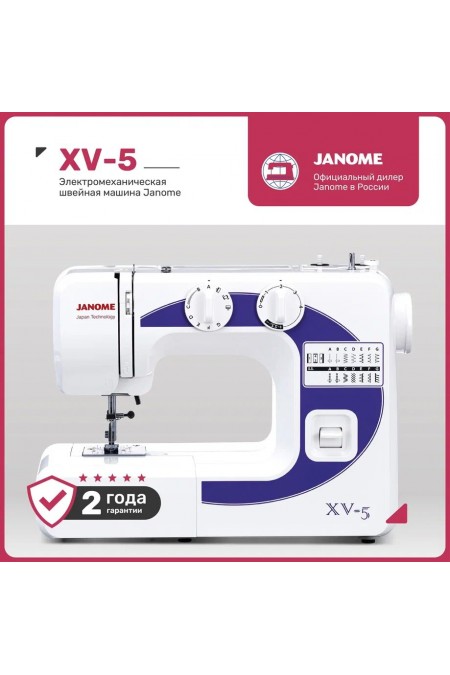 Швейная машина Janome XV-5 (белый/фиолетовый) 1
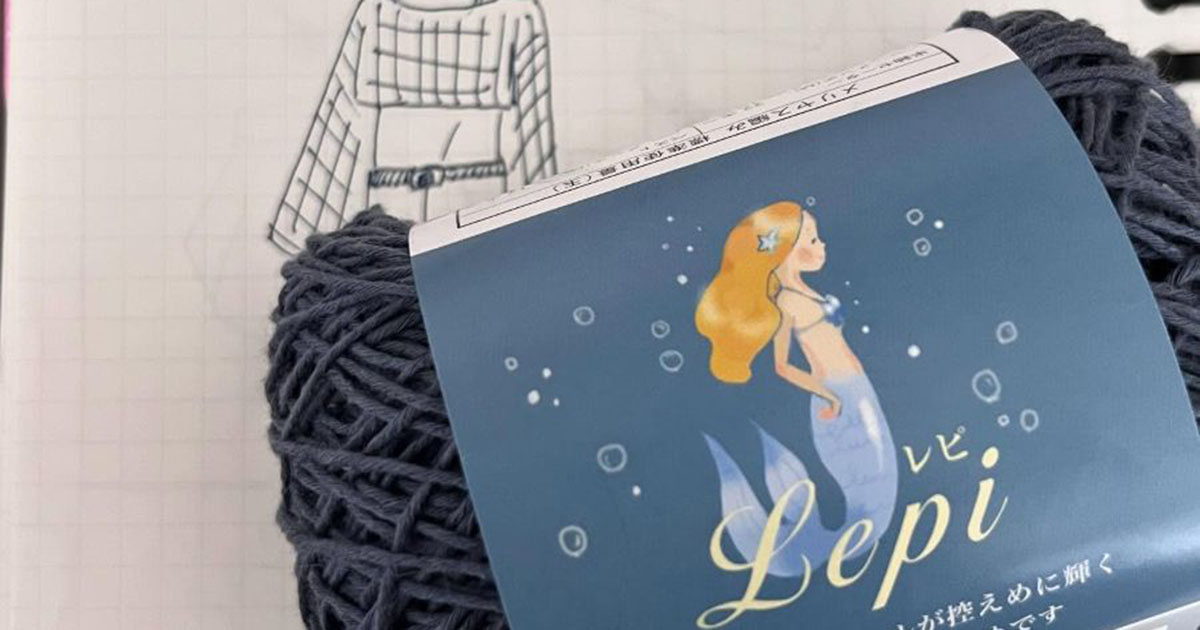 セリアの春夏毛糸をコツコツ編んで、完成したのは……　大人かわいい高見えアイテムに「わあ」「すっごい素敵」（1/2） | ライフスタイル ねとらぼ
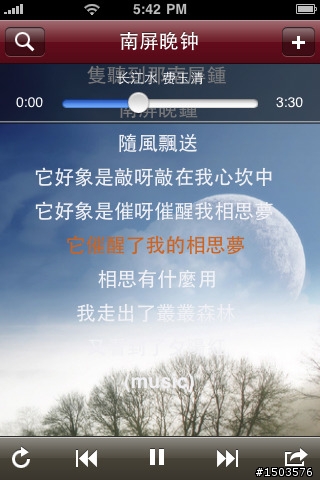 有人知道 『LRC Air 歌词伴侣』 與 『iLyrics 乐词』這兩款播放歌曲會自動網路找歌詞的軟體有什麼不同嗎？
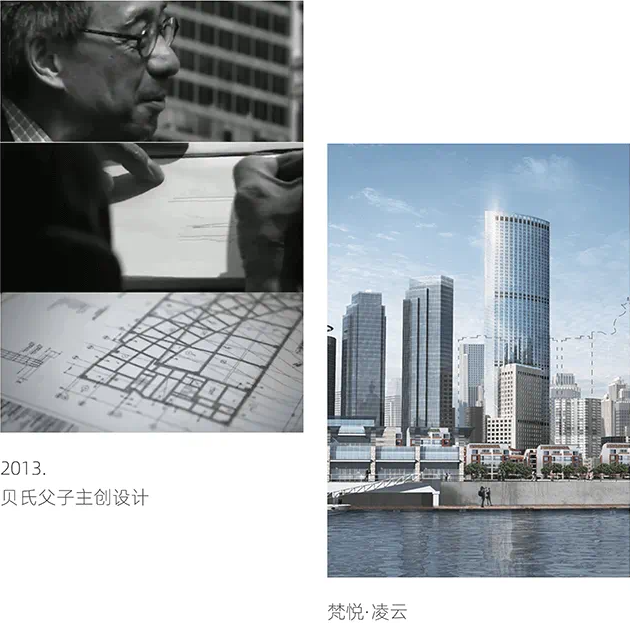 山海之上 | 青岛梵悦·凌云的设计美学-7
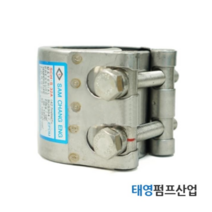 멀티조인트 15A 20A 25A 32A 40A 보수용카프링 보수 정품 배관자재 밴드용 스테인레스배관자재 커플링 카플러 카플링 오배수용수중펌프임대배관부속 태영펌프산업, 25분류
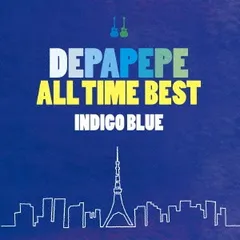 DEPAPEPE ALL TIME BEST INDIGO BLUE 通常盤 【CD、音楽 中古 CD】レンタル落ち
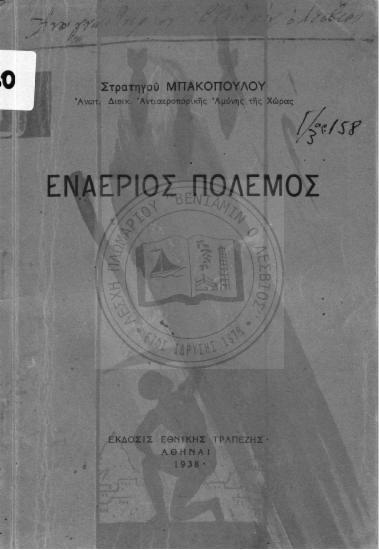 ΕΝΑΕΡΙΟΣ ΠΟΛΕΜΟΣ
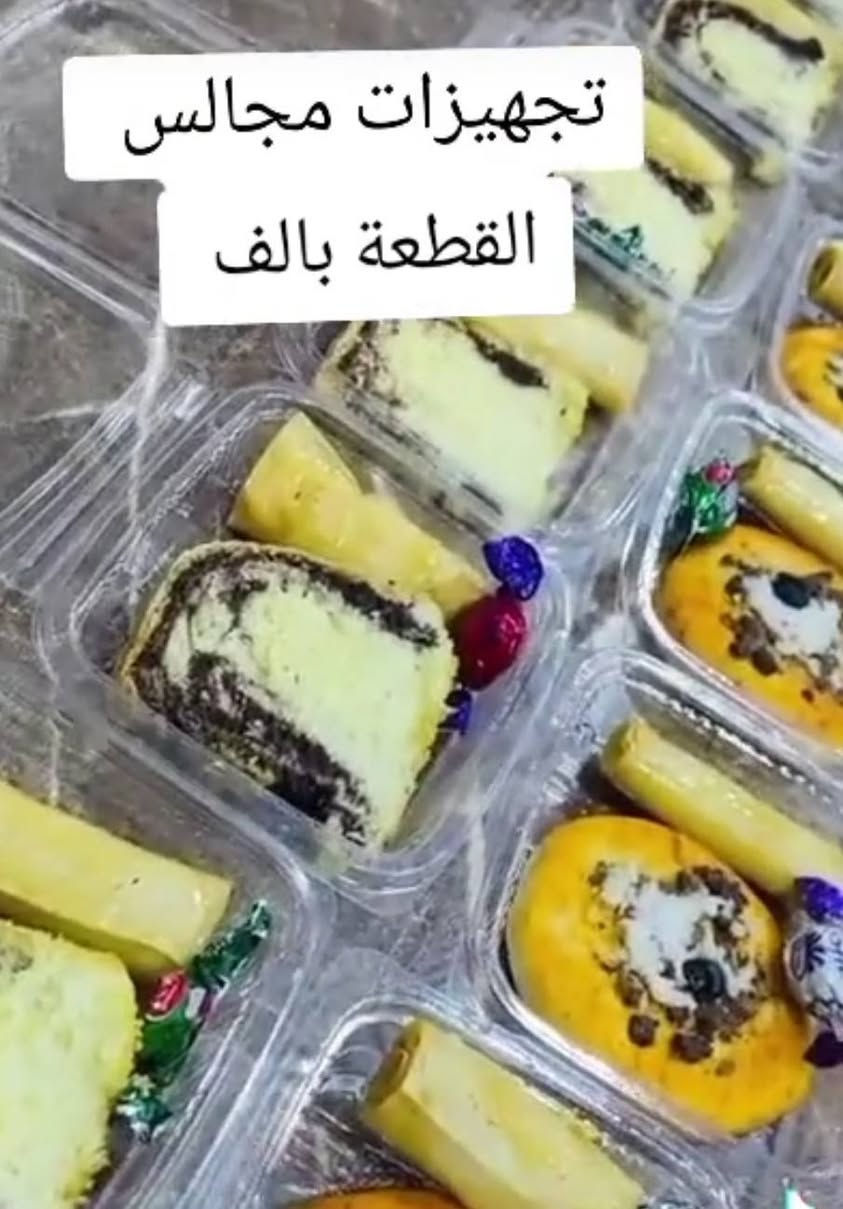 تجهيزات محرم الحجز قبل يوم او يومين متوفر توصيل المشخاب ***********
_ _ _ _ _
**Problem details:** An exact copy is needed. It runs from the line above containing "山海之上 | 青岛梵悦·凌云的设计美学-7" down to the line containing "ΕΝΑΕΡΙΟΣ ΠΟΛΕΜΟΣ", both included, with no pictures.

**Exercise response:**
 山海之上 | 青岛梵悦·凌云的设计美学-7
 멀티조인트 15A 20A 25A 32A 40A 보수용카프링 보수 정품 배관자재 밴드용 스테인레스배관자재 커플링 카플러 카플링 오배수용수중펌프임대배관부속 태영펌프산업, 25분류
 DEPAPEPE ALL TIME BEST INDIGO BLUE 通常盤 【CD、音楽 中古 CD】レンタル落ち
 ΕΝΑΕΡΙΟΣ ΠΟΛΕΜΟΣ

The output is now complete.